Computing the null model is made simpler as the expectation of H is 0:

\[E\left[\hat{X}_{ai}\right] = 0\]

\[E\left[\hat{X}_{ai}^{2}\right] = 1\]

\[ E\left[\hat{H}_{a}\right] = 0 \]

Therefore, the second moment of H is as follows:

\[ E\left[\hat{H}_{a}^2\right]= \sum_{i}^{}\sum_{j}^{} w_{ij}^2 \]

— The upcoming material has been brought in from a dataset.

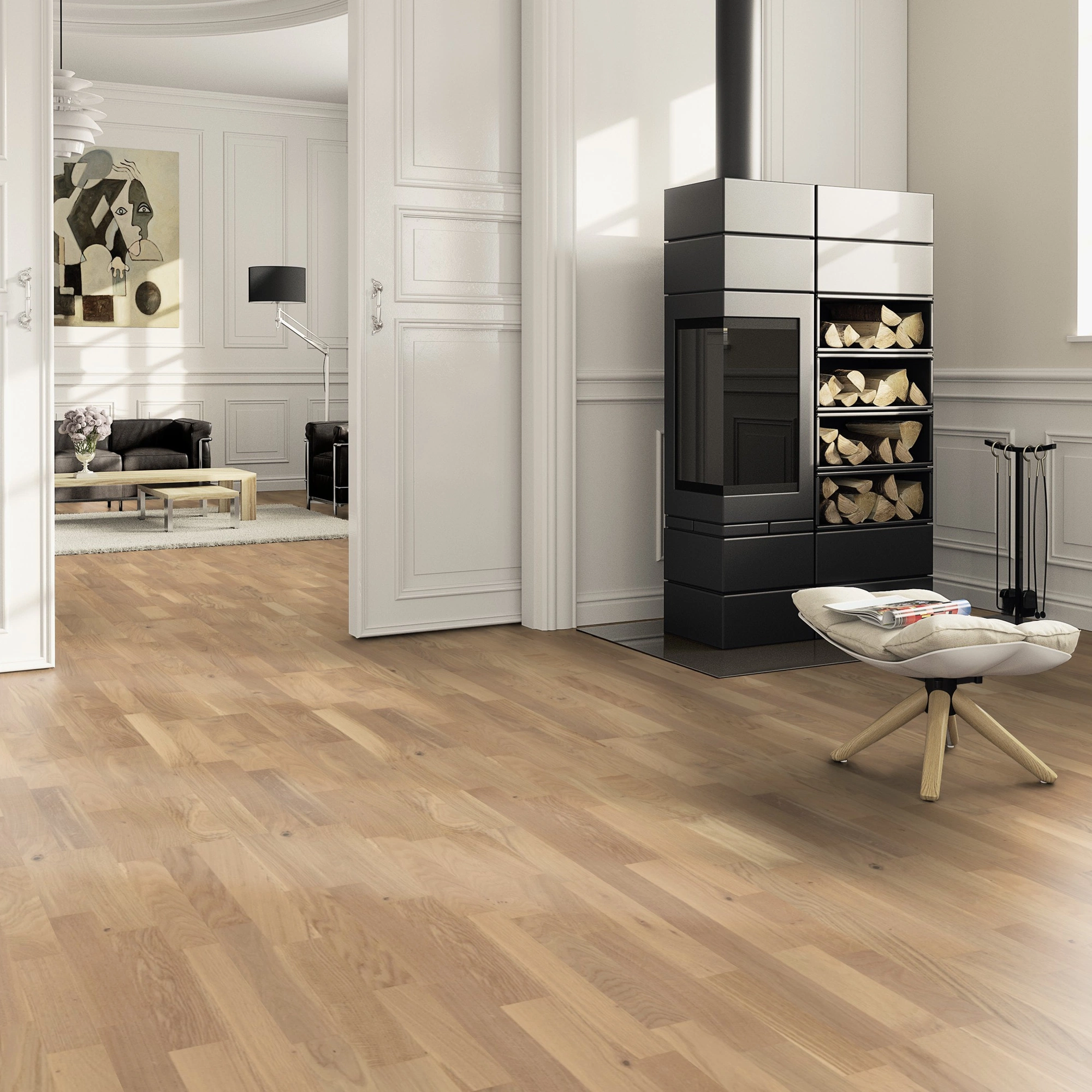 Milieubild Wohnzimmer im Landhaus-Stil mit Kamin - ter Hürne Parkett Tailored Collection Eiche Kabinett Milieubild Wohnzimmer im Landhaus-Stil mit Kamin - ter Hürne 1101312512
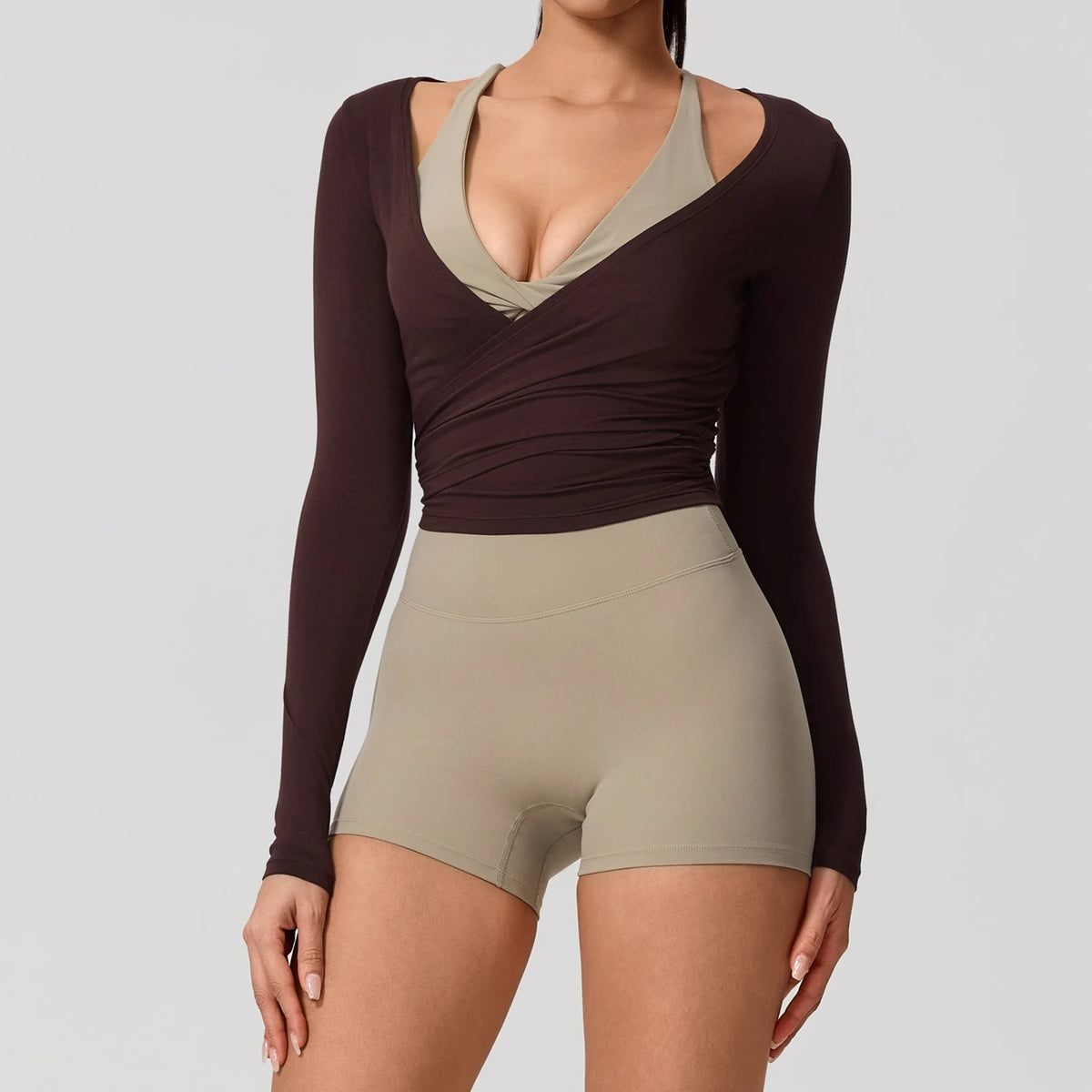 New Summer Women's Yoga Long Sleeve One Piece Top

To assess communication significance, \(H_{a}\) is converted into a Z-score using the equation below, and a significance value is obtained for every gene pair by comparing the Z values to the normal distribution:

\[ \hat{Z}_a = \frac{\hat{H}_{a} - E[\hat{H}_{a}]}{var(\hat{H}_{a})^\frac{1}{2}} = \frac{\sum_{i}^{}\sum_{j}^{} w_{ij}\hat{X}_{ai}\hat{X}_{aj}}{\left(\sum_{i}^{}\sum_{j}^{} w_{ij}^2\right)^\frac{1}{2}} \]

Lastly, p-values are adjusted using the Benjamini-Hochberg procedure.

In the empirical test setting, either raw gene counts, log-normalized values, standardized gene expression values, or counts normalized in any other desired way can be used. Cell IDs from the counts matrix are shuffled M times (\(M=1,000\) by default), and the correlation values for each gene according to \(H_{a} = \sum_{i}^{}\sum_{j}^{} w_{ij}X_{ai}X_{aj}\) are computed in each iteration. Then, the equation below is used to calculate the p-value, where x represents the number of permuted H values that are higher than the observed one and M is the total number of permutations.

\[ p-value = \frac{x+1}{M+1} \]

Finally, p-values are adjusted using the Benjamini-Hochberg method.